---------- RECORDS TO USE

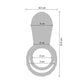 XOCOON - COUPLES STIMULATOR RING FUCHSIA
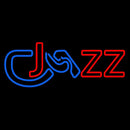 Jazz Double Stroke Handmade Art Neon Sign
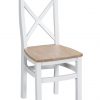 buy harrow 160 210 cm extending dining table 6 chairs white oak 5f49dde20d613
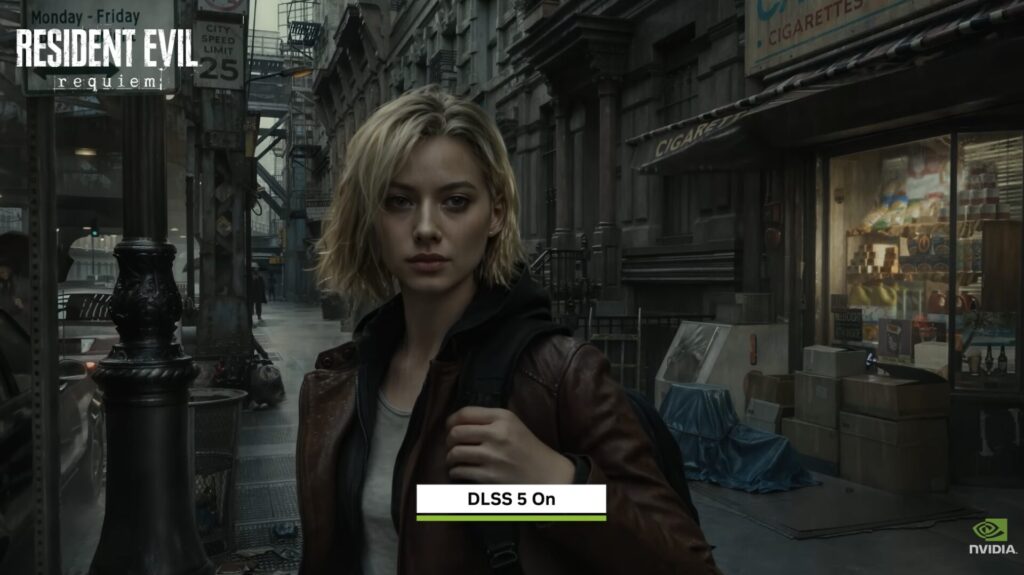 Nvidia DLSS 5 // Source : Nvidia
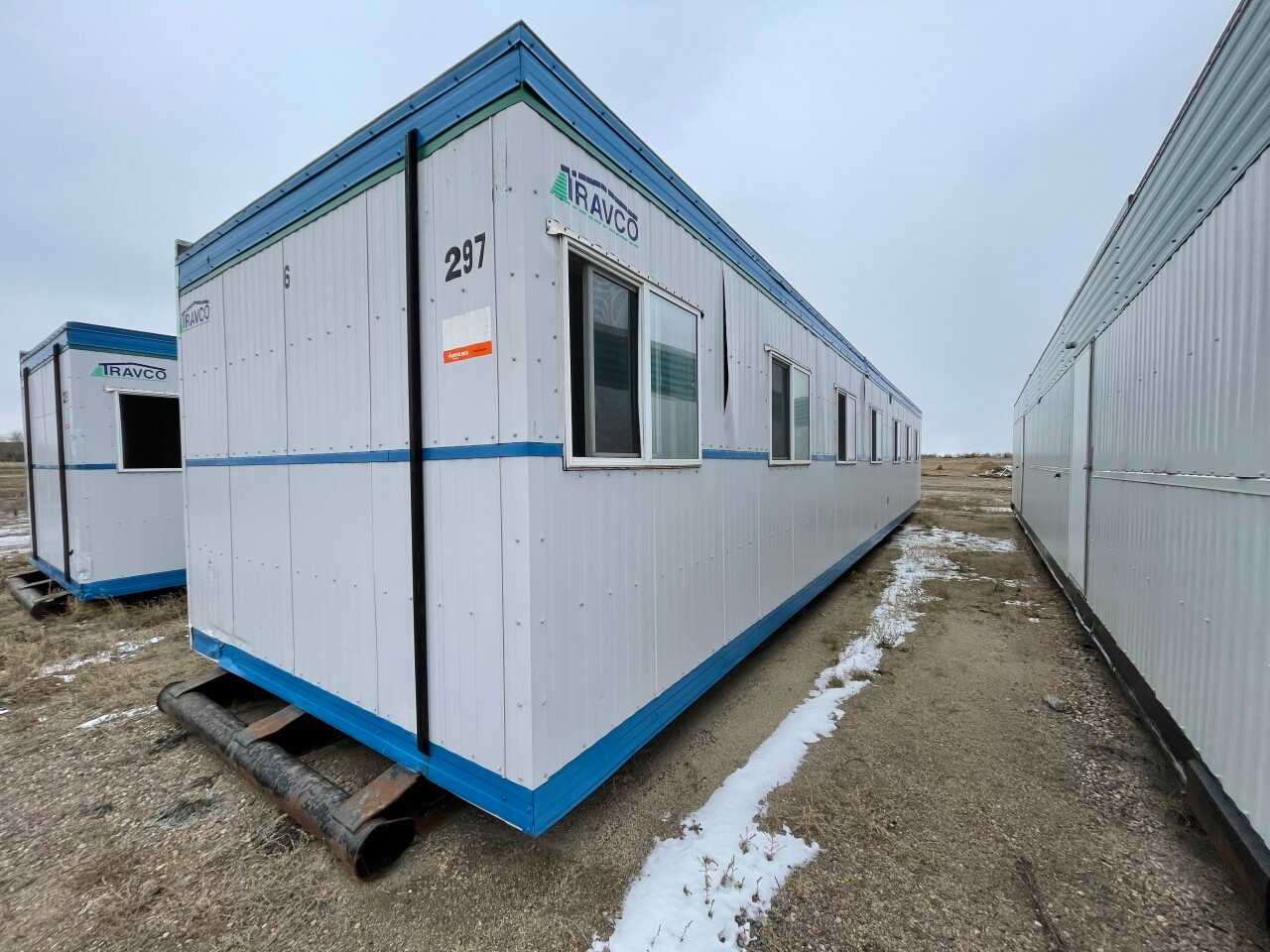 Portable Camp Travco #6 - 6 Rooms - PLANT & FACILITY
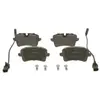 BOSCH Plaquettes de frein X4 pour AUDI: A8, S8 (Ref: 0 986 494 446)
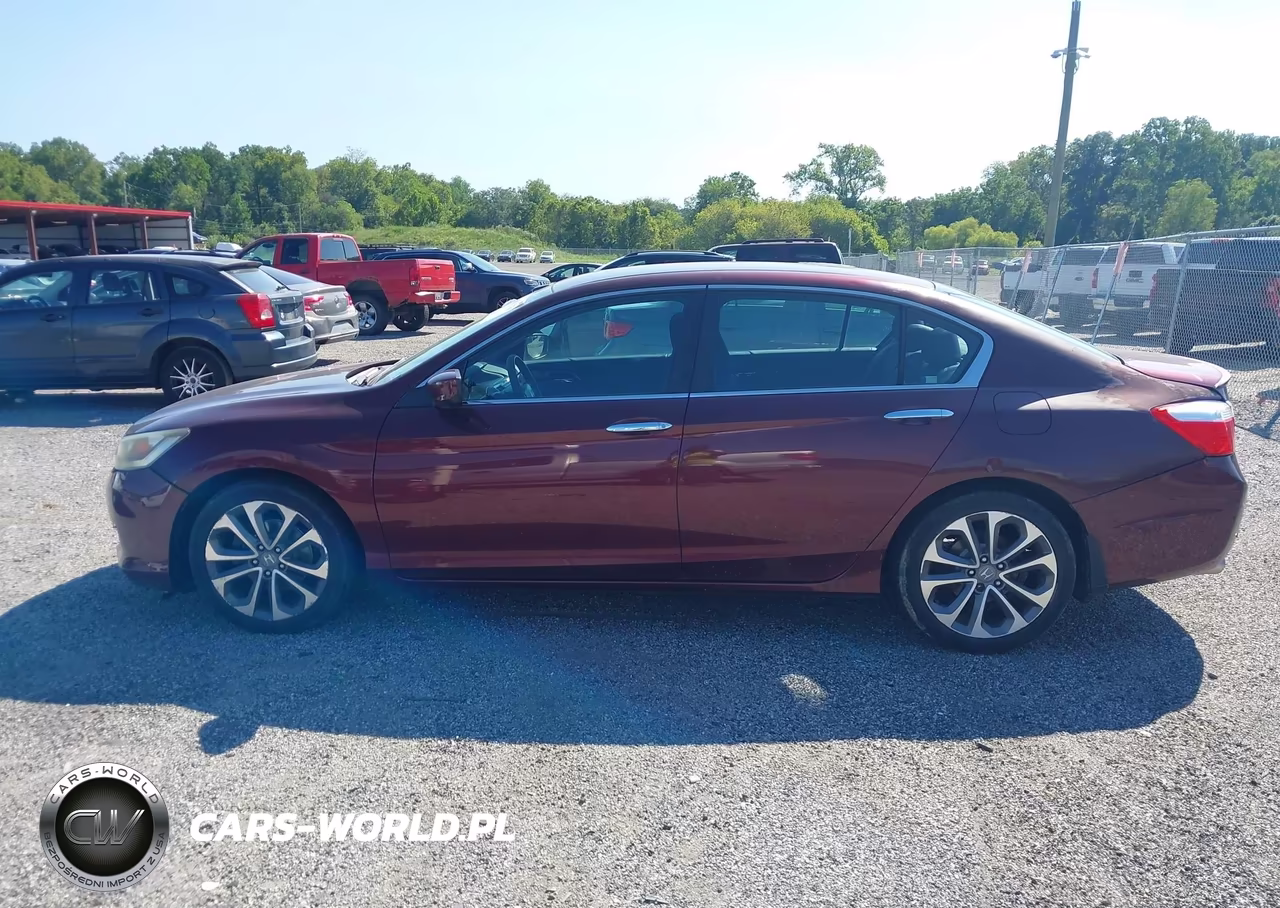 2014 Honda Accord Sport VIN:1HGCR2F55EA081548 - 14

--------------------
---------- RECORDS TO USE

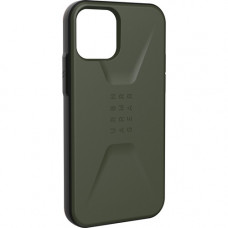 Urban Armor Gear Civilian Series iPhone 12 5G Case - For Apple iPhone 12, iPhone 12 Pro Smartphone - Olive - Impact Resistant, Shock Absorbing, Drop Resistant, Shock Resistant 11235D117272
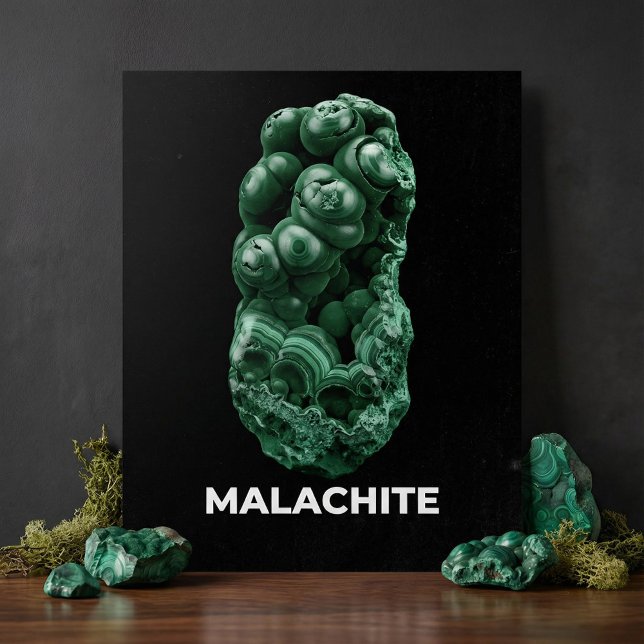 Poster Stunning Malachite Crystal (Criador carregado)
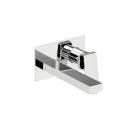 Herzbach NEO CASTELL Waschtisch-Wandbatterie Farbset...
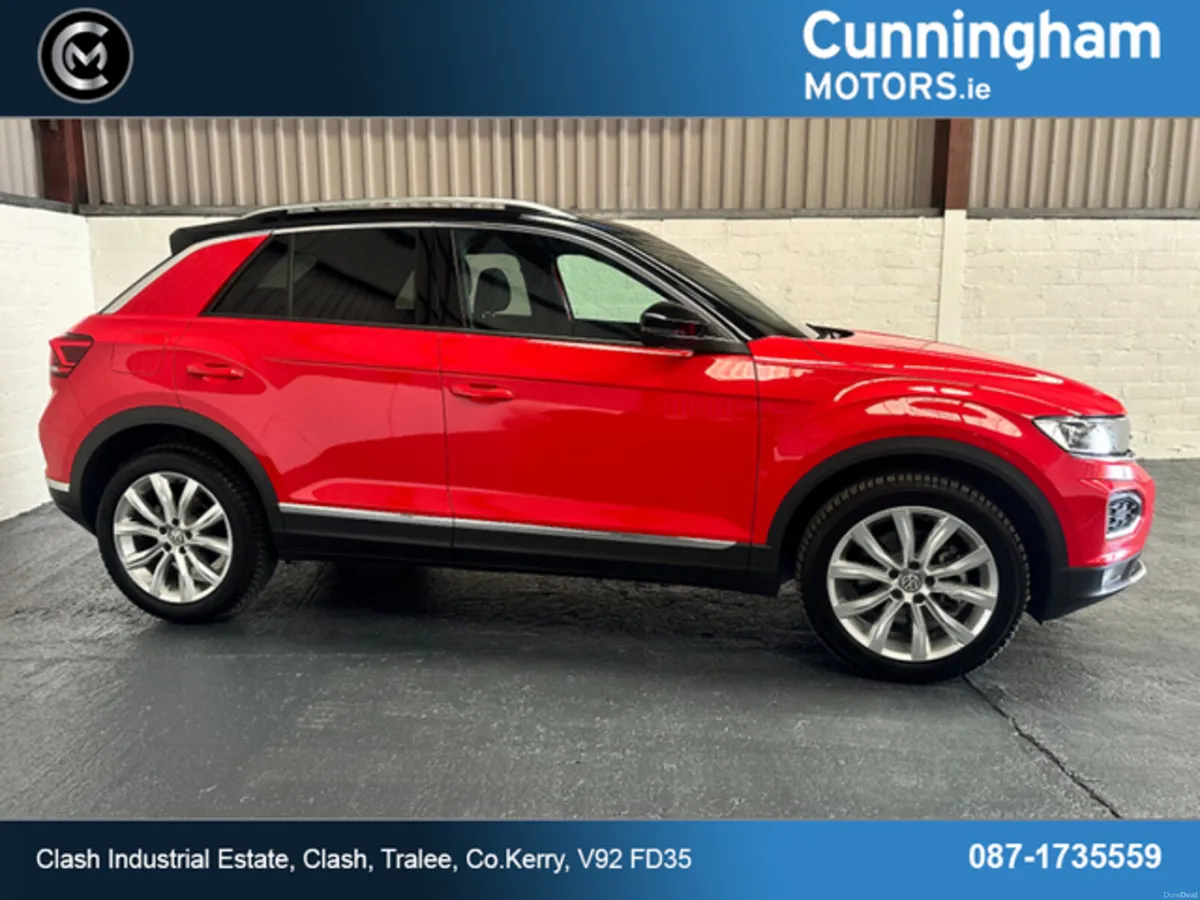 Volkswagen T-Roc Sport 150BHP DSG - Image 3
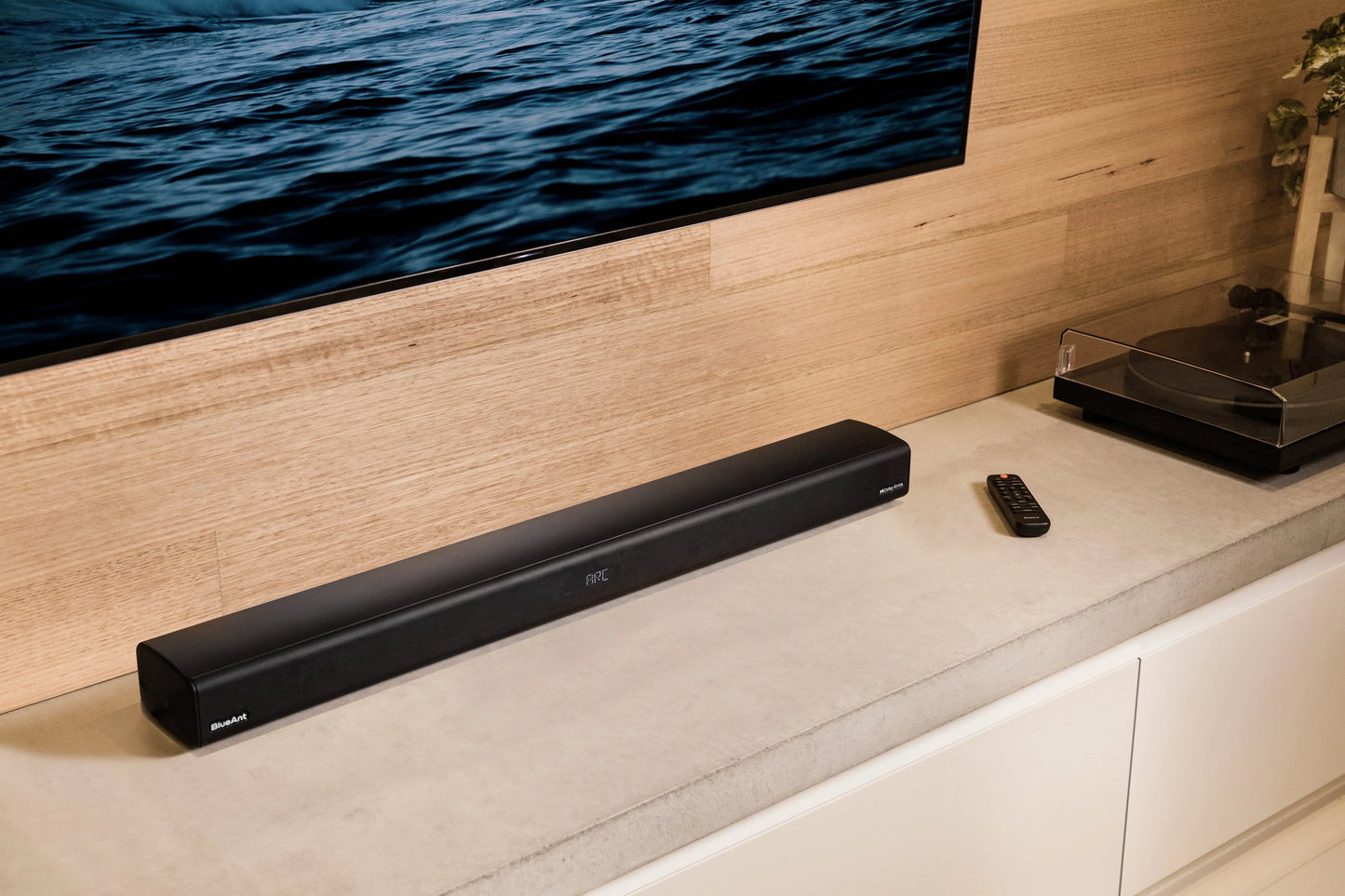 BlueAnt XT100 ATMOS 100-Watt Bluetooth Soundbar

--------------------

INSTRUCTIONS TO FOLLOW: Go back to the listing above and write out the lines starting at the one with "Jazz Double Stroke Handmade Art Neon Sign" and ending at the one with "BOSCH Plaquettes de", inclusive, exactly and without pictures.

YOUR RESPONSE:
 Jazz Double Stroke Handmade Art Neon Sign
 buy harrow 160 210 cm extending dining table 6 chairs white oak 5f49dde20d613
 Nvidia DLSS 5 // Source : Nvidia
 Portable Camp Travco #6 - 6 Rooms - PLANT & FACILITY
 BOSCH Plaquettes de frein X4 pour AUDI: A8, S8 (Ref: 0 986 494 446)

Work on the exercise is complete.